Is the government finding creative ways to legislate online censorship?

Following comprehensive criticism of the Federal Government’s proposed misinformation bill (Communications Legislation Amendment (Combatting Misinformation and Disinformation) Bill 2023), the government was forced to withdraw the bill late last year, announcing it would ‘take on board the response to the public consultation and improve the bill’. The bill’s introduction to parliament has now been delayed, and is unlikely to be introduced until next year.

The bill came under fire for its use of overly broad and vague terminology, with concerns the laws could be used to restrict public debate, and censor unpopular opinions. It was also heavily criticised for failing to strike the correct balance between combating untrue information and protecting freedom of speech and expression.

What many people may not be aware of, however, is that the government has quietly finalised consultation on the Online Safety (Basic Online Safety Expectations) Amendment Determination 2023 (“the Amendment Determination”), a determination made under the Online Safety Act 2021, which, on its face, appears to utilise delegated legislation to try and achieve some of the objectives of the now thwarted misinformation bill.
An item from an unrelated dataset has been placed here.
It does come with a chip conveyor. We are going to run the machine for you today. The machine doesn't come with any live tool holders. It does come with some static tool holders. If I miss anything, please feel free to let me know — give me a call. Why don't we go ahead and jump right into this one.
It is concerning that it has received relatively little attention to date.

While some of the provisions of the Amendment Determination – such as those which impose new obligations on service providers to deal with issues raised by generative AI technologies and to safeguard ‘the best interests of the child’ – are to be commended, there are others contained within the instrument which are of grave concern.
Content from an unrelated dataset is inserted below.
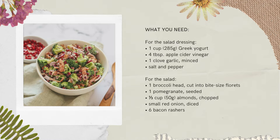For the salad you need one broccoli head cut into bite-sized florets, one pomegranate seeded, one third a cup of almonds chopped, half of a small red onion diced, and six bacon rashers.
In particular, the Amendment Determination purports to prevent ‘harmful’ material as well as ‘hate speech’.

The Determination adds a new definition of hate speech as:

“communication by an end-user that breaches a service’s terms of use and, where applicable, breaches a service’s policies and procedures or standards of conduct mentioned in section 14, and can include communication which expresses hate against a person or group of people on the basis of race, ethnicity, disability, religious affiliation, caste, sexual orientation, sex, gender identity, disease, immigrant status, asylum seeker or refugee status, or age” [emphasis added].

This definition will inform the process of “detecting and addressing hate speech” which breaches a service’s terms of use. It may capture lawful material which is categorised by the service provider as hate speech under its own policies for moderating content, with no external accountability or assessment of the policies or their application.
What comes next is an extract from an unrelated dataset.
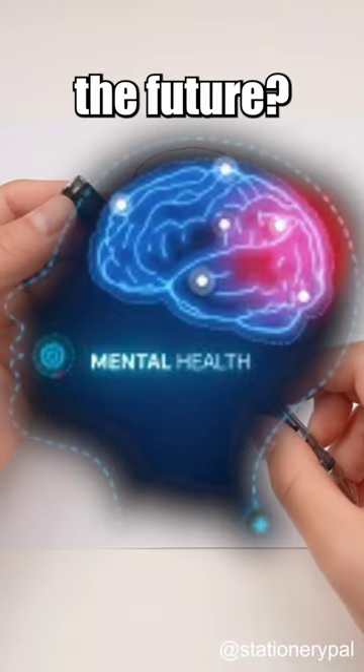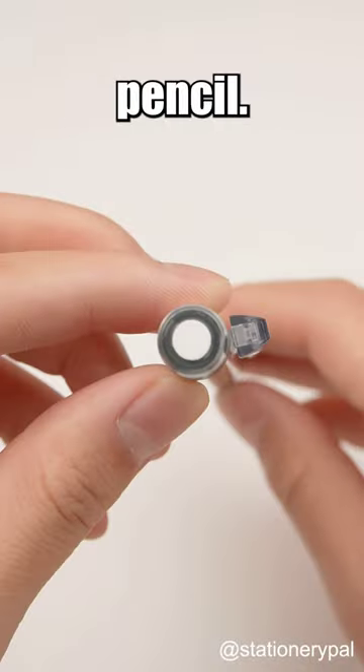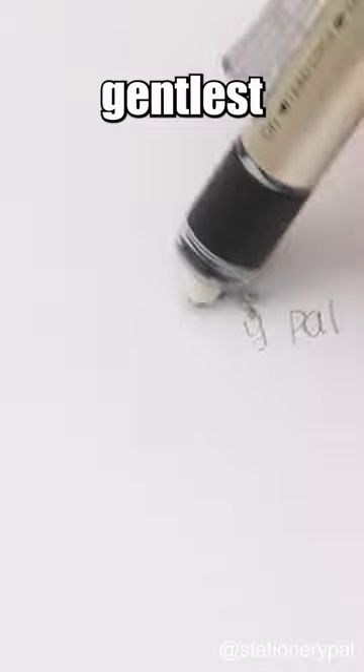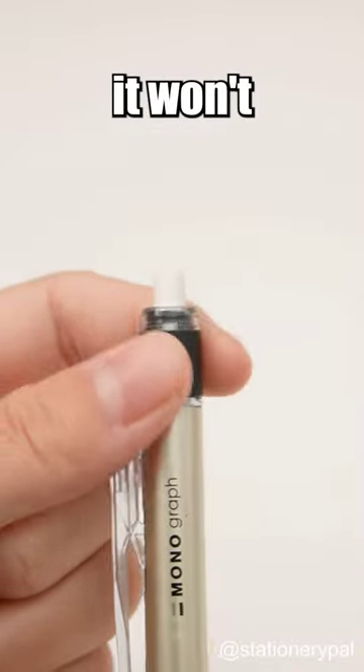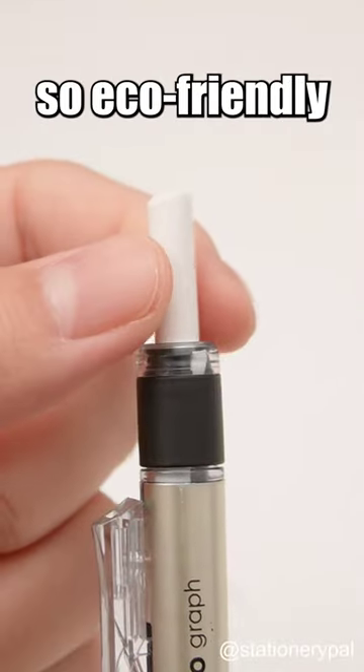Is Japanese stationery really from the future? Just take a look at the eraser on Tombow's Mono Mechanical Pencil. It's all about that mono quality — erasing with the gentlest touch, like magic. The twisty design means it won't snap off easily, and it goes all the way down to the very bottom, so eco-friendly.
The concept of harm is likewise excessively broad. Under the Misinformation Bill “harm” would include “hatred against a group in society on the basis of ethnicity, nationality, race, gender, sexual orientation, age, religion or physical or mental disability”. This subjective and unclear definition could capture lawful, legitimate, and harmless expressions and is likely to apply under this Determination as well.

The mechanisms of the Amendment Determination, in regulating online service providers, are comparable to those under the Misinformation Bill in various respects, including relying extensively on their good conduct. Both measures would result in empowering these service providers to censor content without public awareness of it, and without the service providers being held to account.

The Amendment Determination sets a low bar for interference with free speech, which presents a real risk that the law will be misused to engage in ideological and political censorship. It provides no balancing provisions or anything to preserve free speech and is presented without any consideration of potential impacts on free speech, and gives no comfort that it will not result in overzealous intervention. On the contrary, it licences excessive restriction on content, applying open ended, undefined terminology, and gives no clear parameters for pivotal concepts such as ‘unlawful’ or ‘harmful’.

With no oversight mechanisms, the Determination has the potential for serious misuse without public ever being aware. It produces unjustified restrictions on free speech, through the application of subjective, vague and uncertain assessment by non-experts of what is unlawful or, though perfectly lawful, deemed harmful.

The Human Rights Law Alliance has provided a submission to the consultation process, expressing its strong opposition to the Determination.